Disini orang – orang ramai memburu pahala dengan sekuat tenaga. Seakan tak perduli lagi dunia. Mereka paham bahwa hidup di dunia yang fana hanyalah sebentar. Mereka juga bertransaksi jual-beli di siang hari. Tapi mereka tak pernah lalai menunaikan kewajibannya sebagai hamba Allah. Hati mereka tunduk menyatu dalam lingkaran zikir di masjid – masjid.
Mereka tak sekedar menjalankan ibadah, tapi memahami secarah hekiki tentang tujuan hidup di dunia. Memperdalam ilmu – ilmu agama lebih dalam. Tak sekedar anggota tubuh tunduk dan sujud. Batin mereka berikrar sungguh-sungguh. Lisan bersua tak sekedar berbunyi dengan lafal Ilahi. Mereka hanyut dalam cinta yang benar – benar cinta kepada Sang Pencipta alam semesta.
Syair zikir dan shalawat menyatu dalam larutnya malam menggema memecah kesunyian malam. Tak ada penceramah diatas mimbar- mimbar masjid, kecuali membaca yasin sehabis sholat fardhu. Begitulah lisan – lisan mereka tak pernah kering menyebut nama-Nya.
Duhai, sang pecinta hamba sahaja larut dalam kenikmatan bersama-Nya. Kampung – kampung Sang Guru Tarekat ini diajarkan kepada anak – anak muda sejak dini.
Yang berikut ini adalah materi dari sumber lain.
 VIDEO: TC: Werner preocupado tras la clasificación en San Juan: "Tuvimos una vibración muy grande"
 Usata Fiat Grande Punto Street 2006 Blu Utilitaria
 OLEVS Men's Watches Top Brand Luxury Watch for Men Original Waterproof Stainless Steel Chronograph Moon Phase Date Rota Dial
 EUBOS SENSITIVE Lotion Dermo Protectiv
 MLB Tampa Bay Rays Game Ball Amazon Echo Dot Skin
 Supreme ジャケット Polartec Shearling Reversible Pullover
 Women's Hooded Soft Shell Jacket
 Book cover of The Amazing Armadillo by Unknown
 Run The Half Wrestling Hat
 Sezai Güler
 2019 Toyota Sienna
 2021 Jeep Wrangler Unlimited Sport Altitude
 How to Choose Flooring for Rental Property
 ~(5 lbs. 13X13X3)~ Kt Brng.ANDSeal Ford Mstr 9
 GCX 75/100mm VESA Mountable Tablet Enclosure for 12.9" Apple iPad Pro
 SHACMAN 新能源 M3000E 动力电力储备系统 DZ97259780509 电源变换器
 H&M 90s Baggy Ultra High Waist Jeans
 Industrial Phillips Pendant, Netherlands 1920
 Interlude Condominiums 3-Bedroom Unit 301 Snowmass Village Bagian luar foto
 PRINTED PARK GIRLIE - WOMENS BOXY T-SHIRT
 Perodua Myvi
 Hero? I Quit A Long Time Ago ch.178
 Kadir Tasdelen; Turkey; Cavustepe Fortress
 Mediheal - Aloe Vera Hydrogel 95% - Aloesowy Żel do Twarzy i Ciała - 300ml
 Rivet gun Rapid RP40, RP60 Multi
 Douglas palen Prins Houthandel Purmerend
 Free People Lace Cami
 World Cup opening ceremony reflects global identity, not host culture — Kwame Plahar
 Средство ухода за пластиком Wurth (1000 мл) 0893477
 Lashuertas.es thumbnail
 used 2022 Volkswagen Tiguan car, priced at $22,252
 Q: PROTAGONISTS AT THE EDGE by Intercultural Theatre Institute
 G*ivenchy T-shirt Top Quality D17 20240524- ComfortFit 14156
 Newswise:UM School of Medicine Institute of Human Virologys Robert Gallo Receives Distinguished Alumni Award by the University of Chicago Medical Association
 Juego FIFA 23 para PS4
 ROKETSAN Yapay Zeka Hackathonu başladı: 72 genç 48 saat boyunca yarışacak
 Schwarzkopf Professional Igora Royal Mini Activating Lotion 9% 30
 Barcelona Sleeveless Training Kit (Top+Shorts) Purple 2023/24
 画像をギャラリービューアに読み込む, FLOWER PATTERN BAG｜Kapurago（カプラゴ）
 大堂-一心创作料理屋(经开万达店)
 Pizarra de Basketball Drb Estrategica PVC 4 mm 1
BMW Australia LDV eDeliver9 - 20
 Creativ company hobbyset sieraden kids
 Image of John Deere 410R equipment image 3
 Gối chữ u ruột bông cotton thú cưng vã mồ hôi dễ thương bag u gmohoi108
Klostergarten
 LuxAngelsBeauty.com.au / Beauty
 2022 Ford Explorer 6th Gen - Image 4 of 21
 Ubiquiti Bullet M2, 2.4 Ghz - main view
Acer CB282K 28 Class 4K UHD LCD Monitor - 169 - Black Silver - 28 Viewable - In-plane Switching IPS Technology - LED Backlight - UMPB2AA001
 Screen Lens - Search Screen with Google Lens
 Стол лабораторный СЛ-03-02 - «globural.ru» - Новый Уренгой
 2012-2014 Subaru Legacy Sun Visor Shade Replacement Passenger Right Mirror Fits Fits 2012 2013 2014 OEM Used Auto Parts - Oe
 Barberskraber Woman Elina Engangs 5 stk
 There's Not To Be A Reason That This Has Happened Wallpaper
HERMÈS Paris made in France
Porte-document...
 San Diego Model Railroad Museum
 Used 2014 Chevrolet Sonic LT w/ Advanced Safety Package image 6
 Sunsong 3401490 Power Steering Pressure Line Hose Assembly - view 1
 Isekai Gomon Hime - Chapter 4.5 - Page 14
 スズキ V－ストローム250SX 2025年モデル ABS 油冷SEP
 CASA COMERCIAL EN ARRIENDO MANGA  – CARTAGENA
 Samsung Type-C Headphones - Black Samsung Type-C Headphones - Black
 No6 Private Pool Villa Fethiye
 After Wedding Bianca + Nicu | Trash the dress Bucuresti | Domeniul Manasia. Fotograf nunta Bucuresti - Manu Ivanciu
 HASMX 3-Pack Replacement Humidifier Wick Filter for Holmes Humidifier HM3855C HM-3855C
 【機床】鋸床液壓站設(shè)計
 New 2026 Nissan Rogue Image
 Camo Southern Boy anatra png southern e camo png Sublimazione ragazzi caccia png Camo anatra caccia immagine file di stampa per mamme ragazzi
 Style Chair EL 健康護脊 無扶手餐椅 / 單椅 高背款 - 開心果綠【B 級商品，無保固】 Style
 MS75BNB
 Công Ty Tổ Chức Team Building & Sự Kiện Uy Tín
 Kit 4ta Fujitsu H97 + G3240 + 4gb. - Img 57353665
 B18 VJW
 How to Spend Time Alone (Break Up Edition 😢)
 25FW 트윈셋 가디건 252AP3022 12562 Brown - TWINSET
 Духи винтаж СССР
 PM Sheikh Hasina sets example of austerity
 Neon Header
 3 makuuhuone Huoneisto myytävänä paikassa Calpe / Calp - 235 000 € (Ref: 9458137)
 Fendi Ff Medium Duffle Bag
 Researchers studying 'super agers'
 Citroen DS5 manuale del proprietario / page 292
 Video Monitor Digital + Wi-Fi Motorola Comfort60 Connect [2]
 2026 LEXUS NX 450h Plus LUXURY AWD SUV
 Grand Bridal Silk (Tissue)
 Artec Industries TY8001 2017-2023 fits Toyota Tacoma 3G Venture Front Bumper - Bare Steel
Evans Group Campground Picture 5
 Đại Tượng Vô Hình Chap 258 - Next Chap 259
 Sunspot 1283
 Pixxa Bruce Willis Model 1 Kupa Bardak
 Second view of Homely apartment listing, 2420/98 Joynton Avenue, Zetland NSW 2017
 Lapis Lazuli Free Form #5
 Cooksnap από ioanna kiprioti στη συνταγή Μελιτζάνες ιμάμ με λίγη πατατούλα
Begitu pasi bacaan Alquran sang imam muda memimpin shalat berjamaah. Aku terperangah dan malu dalam hati betapa bodohnya aku. Betapa sulitnya aku memahami anak – anak dikampungku nun jauh yang hanya menghabiskan waktu bermain game atau cerita – cerita sia-sia atau saling bergosip. Tidak seperti disini di rumah ibadah guru sekumpul.
Tak boleh ada orang yang bisa mengobrol didalam masjid maupun diluar. Bahkan mengambil gambar atau berfoto didalam masjid pun dilarang. Selesai sholat dan berdoa jika tak ingin berzikir atau bersholawat atau yasinan. Monggo keluar dan tak boleh singga didepan masjid segedar bercerita atau mengobrol. Sungguh ketat aturan di Arraodah Sekumpul ini.
Ya, Allah aku mencoba berjalan pelan, meski harus merangkak tuk mengenal-Mu, lalu aku menerima setiap ketetapan-Mu. Inilah hamba-Mu yang hina. Yang lemah tiada daya dan upaya dalam penghambaanku.
Aku terus mengikuti kemana ruhaniku dituntun. Jalan – jalan kulalui terus terpendar cahaya dari hati – hati hamba pilihan. Percikan cahaya menembus kedalam kalbu.
Belajar tidak meminta atau mengemis, tapi belajarlah memberi agar tangan ini terbiasa memberi meski dalam keadaan longgar dan sempit. Allah Maha Pemurah.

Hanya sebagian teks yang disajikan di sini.